简体   繁体   English

Python生成器与列表理解冲突

[英]Python generator conflicting with list comprehension

I've been messing around in Python with generator functions. 我一直在使用生成器函数搞乱Python。 I want to write a function that took a generator whose values were tuples, and returns a list of generators, where each generator's values correspond to one index in the original tuple. 我想编写一个函数,它接受一个值为元组的生成器,并返回一个生成器列表,其中每个生成器的值对应于原始元组中的一个索引。

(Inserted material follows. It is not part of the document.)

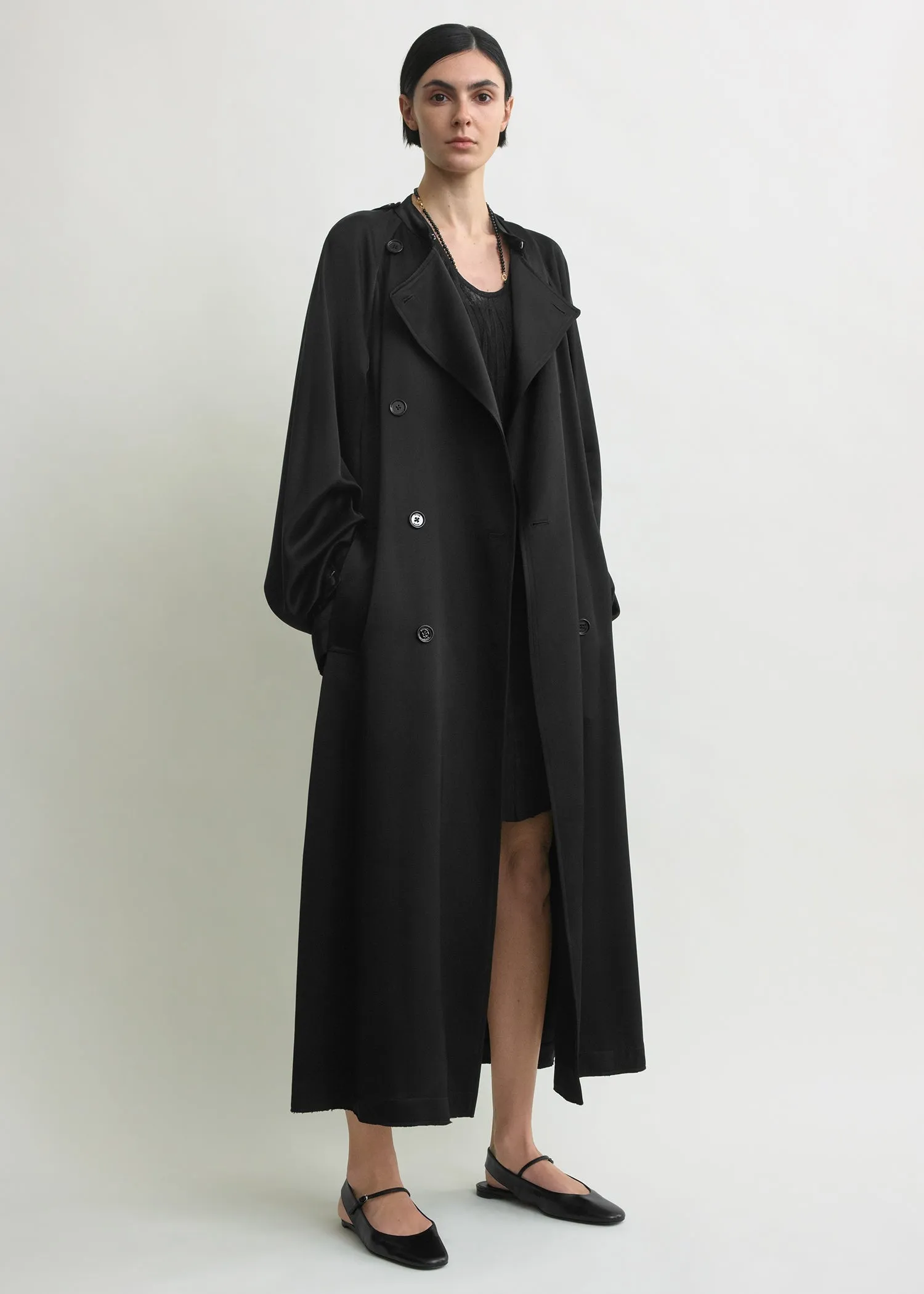 Draped satin trench black sold by Toteme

Currently, I have a function which accomplishes this for a hardcoded number of elements in the tuple. 目前,我有一个函数可以实现元组中硬编码元素的数量。 Here is my code: 这是我的代码:

import itertools

def tee_pieces(generator):
    copies = itertools.tee(generator)
    dropped_copies = [(x[0] for x in copies[0]), (x[1] for x in copies[1])]
    # dropped_copies = [(x[i] for x in copies[i]) for i in range(2)]
    return dropped_copies

def gen_words():
    for i in "Hello, my name is Fred!".split():
        yield i

def split_words(words):
    for word in words:
        yield (word[:len(word)//2], word[len(word)//2:])

def print_words(words):
    for word in words:
        print(word)

init_words = gen_words()
right_left_words = split_words(init_words)
left_words, right_words = tee_pieces(right_left_words)
print("Left halves:")
print_words(left_words)
print("Right halves:")
print_words(right_words)

This correctly splits the generator, leading to left_words containing the left halves and right_words containing the right halves. 这正确地分割了生成器,导致left_words包含左半部分,right_words包含右半部分。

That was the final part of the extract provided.